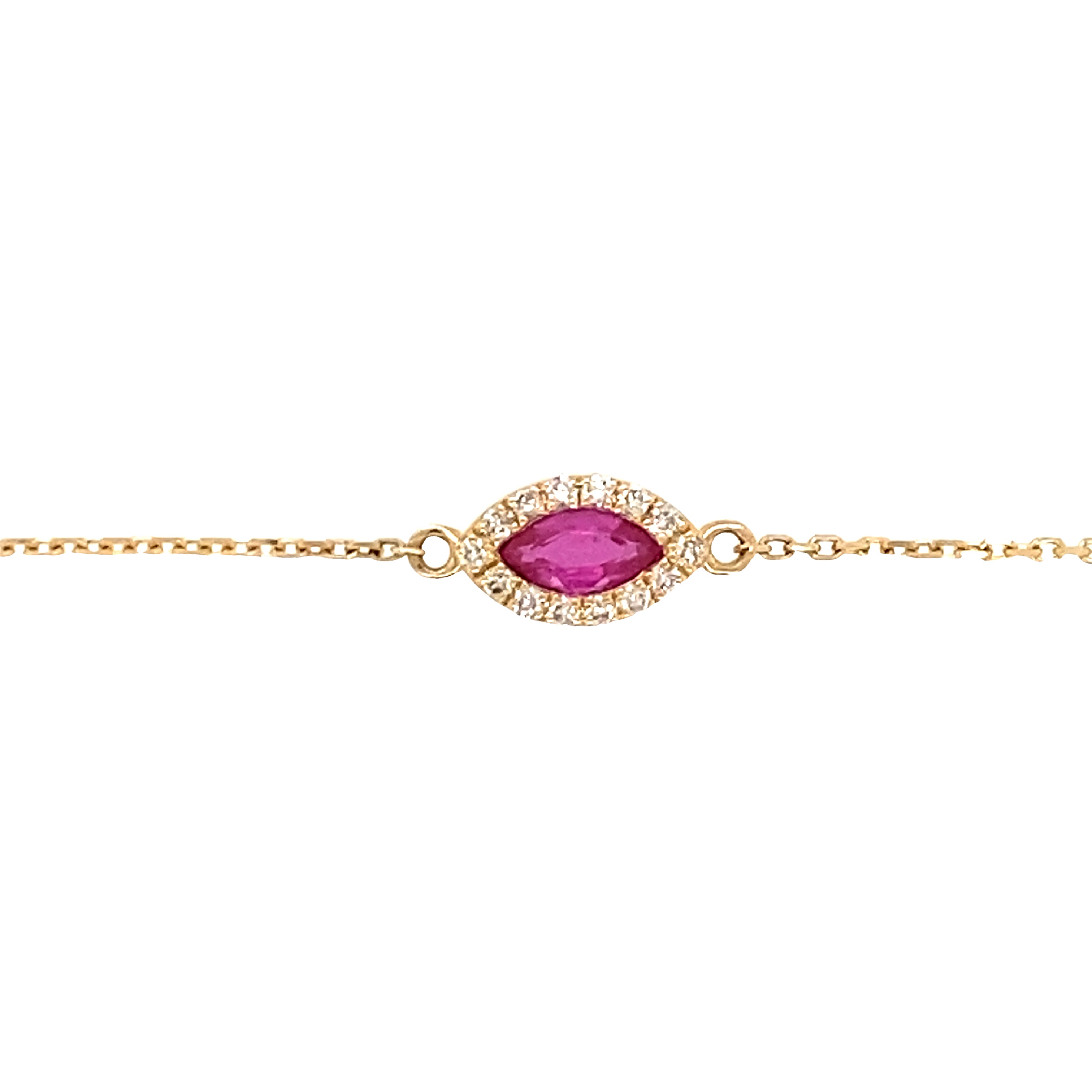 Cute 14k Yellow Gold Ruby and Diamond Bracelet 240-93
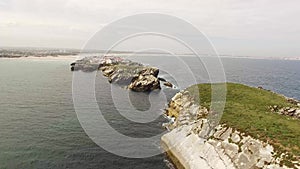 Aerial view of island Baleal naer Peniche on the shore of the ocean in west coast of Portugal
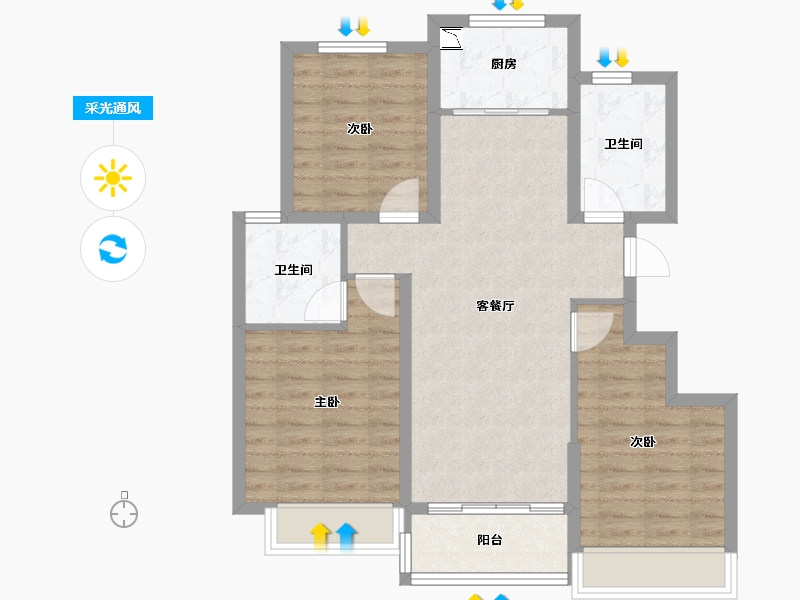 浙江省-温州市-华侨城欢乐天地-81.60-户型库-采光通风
—————
__WHAT YOU ARE ASKED TO DO__:
The listing above, line by line: print it exactly, but not its pictures.

__YOUR SOLUTION__:
 Cute 14k Yellow Gold Ruby and Diamond Bracelet 240-93
 Aerial view of island Baleal naer Peniche on the shore of the ocean in west coast of Portugal
 浙江省-温州市-华侨城欢乐天地-81.60-户型库-采光通风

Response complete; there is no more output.